強さをもたらすパウリーニョの存在

 先週に引き続き、2月22日に行われた山形戦で感じたことなどを。
 だらだらと続けることになってしまいますが、練習試合とはいえ今年初とも言える本気モードでの対戦だったのではないかと思いますので、気になるポイントはたくさんあったと思います。
 1試合だけでははっきりしない部分もあるとは思いますが、それも含めてファーストインプレッションというのは大事なのではないかと思います。
 そこからどう変化、強化していくかですね。



 今年の注目選手の1人となっている、新加入でキャプテンのパウリーニョ
 私も含め長年待望する意見は多かったであろう、"強さ"のあるボランチの加入ということになりますね。
 山形戦でも、攻守に可能性を見せてくれたと思います。


 振り返ってみれば、本当に久しぶりに"強い"ボランチの選手が加入したことになります。
 J2に降格した年に勇人、慶が加入し12年には健太郎、兵働が加わったわけですが、基本的に4人とも対人プレーに強いタイプではなく、バランス感覚やテクニックで勝負する選手たちだと思います。
 ここ数年は、この4人が中心になってボランチを形成してきたことになります。
 J2降格初年度には工藤がいましたが工藤も小柄な選手ですし、翌年のゲッセルはサイズこそあったものの球際に強い選手ではありませんでした。
 


 改めてパウリーニョが加わって感じたのは、ボランチに潰せる選手がいるとすごく"楽"だなぁということ。
 前からのプレスのルーズで縦にボールを出されても、ガツンとそこで止めてくれる。
 あるいは、味方CBと相手選手がマッチアップしている状況でも、プレスバックして相手の攻撃の芽を摘むことができる。
 ロングボールに対しての競り合いも期待できそうで、DFライン前でのスクリーンプレーによってCBを助けてくれそうですね。
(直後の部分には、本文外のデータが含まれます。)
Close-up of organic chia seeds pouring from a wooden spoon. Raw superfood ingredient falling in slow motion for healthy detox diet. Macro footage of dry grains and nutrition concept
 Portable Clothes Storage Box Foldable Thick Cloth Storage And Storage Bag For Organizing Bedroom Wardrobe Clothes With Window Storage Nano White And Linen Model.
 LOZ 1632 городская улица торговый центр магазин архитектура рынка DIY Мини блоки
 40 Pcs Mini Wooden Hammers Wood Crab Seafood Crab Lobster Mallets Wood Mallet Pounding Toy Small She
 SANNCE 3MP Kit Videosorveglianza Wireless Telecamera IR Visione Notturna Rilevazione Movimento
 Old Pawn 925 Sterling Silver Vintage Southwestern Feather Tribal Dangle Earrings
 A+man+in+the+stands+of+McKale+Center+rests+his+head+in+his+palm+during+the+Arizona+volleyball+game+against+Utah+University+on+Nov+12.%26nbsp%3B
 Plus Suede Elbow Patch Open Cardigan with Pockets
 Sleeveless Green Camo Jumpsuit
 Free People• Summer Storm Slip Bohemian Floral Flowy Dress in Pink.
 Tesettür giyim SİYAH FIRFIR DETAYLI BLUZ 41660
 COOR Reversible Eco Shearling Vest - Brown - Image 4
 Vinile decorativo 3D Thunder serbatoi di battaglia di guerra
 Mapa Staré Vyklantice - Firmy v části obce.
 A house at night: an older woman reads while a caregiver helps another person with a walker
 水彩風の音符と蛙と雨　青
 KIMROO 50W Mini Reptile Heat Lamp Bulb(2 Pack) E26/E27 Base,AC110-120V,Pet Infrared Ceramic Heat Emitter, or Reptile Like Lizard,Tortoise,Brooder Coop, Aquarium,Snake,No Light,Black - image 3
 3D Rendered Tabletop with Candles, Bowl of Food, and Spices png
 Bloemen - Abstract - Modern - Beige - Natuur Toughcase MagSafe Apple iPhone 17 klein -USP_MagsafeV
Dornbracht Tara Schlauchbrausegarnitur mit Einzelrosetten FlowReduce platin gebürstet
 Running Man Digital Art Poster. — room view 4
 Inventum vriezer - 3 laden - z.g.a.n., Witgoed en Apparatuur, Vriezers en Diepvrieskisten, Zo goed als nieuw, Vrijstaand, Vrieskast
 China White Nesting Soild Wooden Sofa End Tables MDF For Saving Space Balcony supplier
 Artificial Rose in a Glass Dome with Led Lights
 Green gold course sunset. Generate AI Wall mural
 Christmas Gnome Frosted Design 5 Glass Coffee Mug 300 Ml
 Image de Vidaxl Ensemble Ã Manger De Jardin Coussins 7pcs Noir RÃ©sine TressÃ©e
 ジェフで強さのあるボランチとなると、下村以来なのでしょうか。
 久しぶりすぎて、この「ボランチの位置で潰してもらえる感覚」というものを、すっかり忘れていました。
 プレスに関してもCBの能力に関しても不安要素が大きかった今季のジェフですから、結果的にそれらをサポートできそうなパウリーニョの存在というは非常に大きいものになりそうです。


 ジェフはここ数年テクニカルなベテラン選手中心の補強を行っていたため、なかなかフィジカルに優れた選手というのが少ない傾向にあったと思います。
 そのためボランチ以外のポジションでもフィジカルに優れた選手は少なかったわけで、全体のバランスに問題があったといえたと思います。
 一昨年ジェフに加入してそこから急成長を遂げたキムも重要な存在になっていますが、パウリーニョも同様のことが言えるようになってくるのかもしれません。
 パウリーニョ、キムあたりは今シーズン、替えの利かない存在になりそうですね。



 また守備だけでなく攻撃においても強さを発揮したパウリーニョは、山形戦だけでも3本の強力なミドルシュートを放っていました。
 よく「積極的にシュートを」という意見は出ますが、実際にはミドルシュートの得意な選手は少なく、ミドルシュートを放っても効果的に作用するケースというのは少なかったように思います。
 しかし、パワーのあるパウリーニョなら、効果的なミドルシュートを放てる可能性も高まるのではないでしょうか。


 やはり基本的な「ガツンとボールを奪って前へ」というスタイルだと思います。
 どことなく谷口を思い出させる印象もあり、関塚監督にとっては必要な戦力だったのかもしれませんね。
 その前への前進力を考えると、やはり後半の健太郎とのコンビの方が可能性を感じました。


 前半の勇人とのコンビだとパウリーニョがバランスを取っていたことの方が多いですが、それではパウリーニョの良さも薄れてしまうように思います。
 また、勇人は前に出ても攻撃のアクセント作りという意味で物足りない面がありますし、結果的にパウリーニョが攻撃に絡んだ時の良さを際立たせてしまったようにも感じました。
 しかし、守備を重視するのであれば、パウリーニョには後方でプレーしてほしいということになる場合もあるのかもしれません。



 川崎でSHとしてプレー経験があるのも、その前への強さを生かそうという狙いがあったのでしょう。
 逆に課題としては、プレスがかかった時のビルドアップ時の捌き方でしょうか。
 前半は山形のプレスが厳しくパウリーニョがボールを触ってもなかなか良い形でパスワークを展開できなかったですし、そこが川崎で評価されなかった要因なのかもしれません。


 また、個人的にはどうなのかなと思っていた、後方でのスペースの消し方などに関してですが、山形戦ではしっかり守れていたようにも思います。
 しかし、何度かディエゴにボランチ付近からミドルシュートを放たれていましたし、そのあたりは連携も含めて課題があるのかもしれません。
 このあたりはも少し見ていきたいところではないでしょうか。



 上記2つの問題もあり山形戦でのパウリーニョが飛びぬけて活躍していたかというと、そこまでではなかったかもしれません。
 ポテンシャルを考えれば、もっと期待してもよい選手ではないかとも感じましたし。
 とはいえ、ここ数年ジェフから欠落していたボランチでのフィジカル要素を補える貴重な存在である可能性は十分見せてくれましたし、シーズン開幕後のさらなる活躍を期待したいところです。